Dişleri kasılan Klein aniden elini çekti.

 

"Buraya kış gelmiş anlaşılan..." Uzaktan gelen loş sokak lambasının aydınlığı altında, metal çitlerin arkasındaki bahçeye baktı. Solmuş dalları, darmadağın olmuş çiçekleri ve kahverengi toprağı kaplayan beyaz donu gördü.

 

Harika! Diye geçirdi içinden. Parmaklarını kaşlarının arasına götürüp Ruh Görüsünü aktif hale getirdi.

 

Gümüş işlemeli bastonunu sol eline alıp kapıyı itekledi.

 

Kapı gıcırtılı bir şekilde açıldığında Klein ona dokunmamaya çalışarak içeri girdi. Doğrudan grimsi mavi binaya giden taş yola adım attı. Yolun iki tarafında da hortlakları andıran dağınık bitkiler vardı.

 

Bu sahne Klein'a korku hikayelerini ve paranormal filmleri anımsattı.

 

Farkında olmadan adımlarını hızlandırdı. Ancak yalnızca birkaç adım atmıştı ki birinin sol omzuna dokunduğunu hissetti.

 

Badam! Badam! Klein'ın kalbi bir an duracakmış gibi olduktan sonra hızla atmaya başladı.

 

Sağ elini kaldırıp tabancasını doğrultarak yavaşça arkasını döndü.

 

Loş ışığın altında, çürük bir dalın her an düşebilecekmiş gibi sallandığını fgördü.

 

"'Kendini korkutmak' diye buna deniyor herhalde..." Dudaklarının kenarı seğiren Klein bastonunu sallayarak dalı düşürdü.

 

İlerlemeye devam ettiğinde belli belirsiz hıçkırık sesleri duydu. Gözlerinin önünde bulanık, saydam 'gölgeler' belirmişti.

 

Canlı bir insanın nefesini, etinin ve kanının sıcaklığını hisseden Klein gölgelerin pençesine düştü.

 

Korkuyla olduğu yerden sıçrayıp koşarak binanın kapısına ulaştı.

 

Kaptan, 'atmosferi öğrenirsin' derken bunu mu kastetmişti? Sör Deweyville'e yardım ettiğim zamana kıyasla bu çok daha korkunç... O kederli ruhun dargınlığı, gölgelerden daha 'katıydı'. O saldırmak için harekete geçmemişti... Klein düşünceli bir şekilde oturma odasının ortasındaki sunağa yaklaştı. Yuvarlak masanın üstü, özensizce yapılmış kuklalarla doluydu. Kuklaların ortasında yanmayan üç mum duruyordu.

 

Dunn Smith, Klein'a arkası dönük bir şekilde sunağa bakıyordu.
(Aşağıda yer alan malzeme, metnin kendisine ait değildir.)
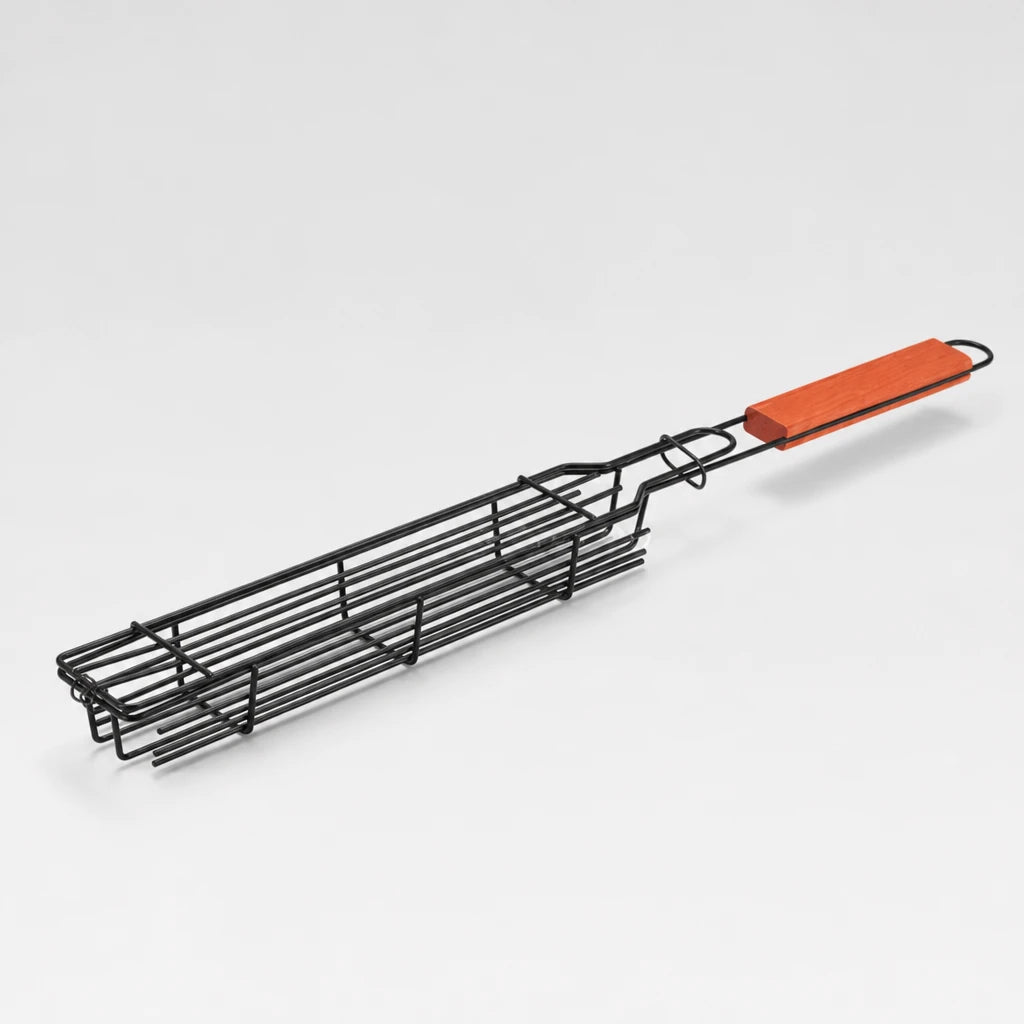 ai-sku-01.webp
Kuklaları birer birer eline alıp inceliyordu.

 

Bu sırada Ceset Toplayıcı Frye, süzülen gölgelere baktı ve onları avutmak için elini uzattı, ancak eli gölgelerin içinden öylece geçip gitti. Gölgeler ona saldırmıyordu, onu içlerinden biri olarak görüyor gibiydiler.

 

Leonard Mitchell, Klein'ın geldiğini fark ettiğinde sesinin tonunu yumuşattı.

 

"Sakinlik, sessiz sabahtır.

 

Sakinlik, daha sakin bir kedere yaraşır.

 

Ve yalnızca solmuş yapraktan, 

 

Yere kestane dökülür."

 

...

 

Klein, şiirin yatıştırıcı etkisi altında, ay ışığını yansıtan berrak bir göl ve gökyüzünde, yükseklerde sessizce asılı duran kıpkırmızı bir ay görmüş gibiydi.

 

Huzursuz gölgeler sakinleşmiş ve aralarındaki canlı Gece Kuşları'nın sıcak nefesini kovalamayı bırakmıştı.

 

Dunn elindeki kuklayı bırakıp Klein'a döndü, "Bu korkunç bir lanet için hazırlanmış bir seramoni. Neyse ki laneti bozduk.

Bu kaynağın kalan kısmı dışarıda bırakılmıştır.